Denn im „Amazonas“ wird nicht nur verkauft, sondern auch gezüchtet. Ein „Blue Diamant“ ist gar Vize-Europameister geworden. Doch auch für „einfache“ Kunden gibt es Fische im Programm. Eine Mutti kommt mit ihrer kleinen Tochter ins Geschäft, die Guppys haben es ihnen angetan. René Montag fischt mit einem Kescher vier Männchen und sechs Weibchen heraus und verpackt die zappelnden Winzlinge in einem wassergefüllten Plastebeutel. Jetzt wickelt er sie in eine Zeitung ein, „damit den Fischen beim Transport nicht langweilig wird.“ Das Mädchen ist skeptisch, ob die Fische wirklich lesen können, will den Laden aber gar nicht verlassen. „Können wir morgen wieder Fische gucken gehen?“, fragt sie die Mama.

Der Aquarist ist den Umgang mit Kindern gewohnt.
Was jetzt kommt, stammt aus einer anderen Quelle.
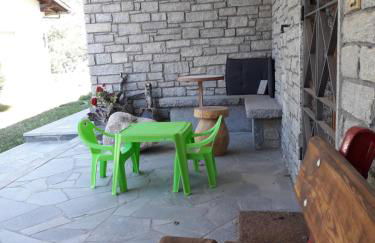 The Green Owl - Foto 37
Nicht nur im Kindergarten seiner Tochter hat er ein Becken mit Fischen ausgestattet, das Fachgeschäft betreut in mehreren Kitas und Schulen Aquarien – wovon eine bunte Wandzeitung mit von Kinderhand gemalten Fischbildern Zeugnis ablegt. Und dass die kleinen Wasser-Welten für Kinder faszinierend sind, weiß er aus eigener Erfahrung. „Mit meinem ersten Aquarium hab ich mir zu DDR-Zeiten ein paar Pfennige dazu verdient“, erinnert sich der Vater zweier Töchter: Denn die Jungfische konnte man damals gegen Geld beim Händler abgeben.

Per Expressfracht ins Ausland

Auch jetzt kommen ab und an Kunden mit Tieren ins Geschäft – aber aus dem Grund, weil sie sich keinen Rat mehr wissen. „Anderswo bekommen die Leute manchmal etwas aufgeschwatzt, ohne dass sie dabei beraten werden“, sagt René Montag. Und dann wundern sie sich, warum der neue Fisch plötzlich alle anderen auffrisst oder der niedliche Wels nach einem Jahr schon größer als ein Meerschwein ist. Der Zooladen „Amazonas“ hat dagegen auch für „schwierige“ Fische Kunden – er verkauft sie auch über das Internet, so dass sie gut verpackt und per Expressversand sogar ins Ausland geliefert werden.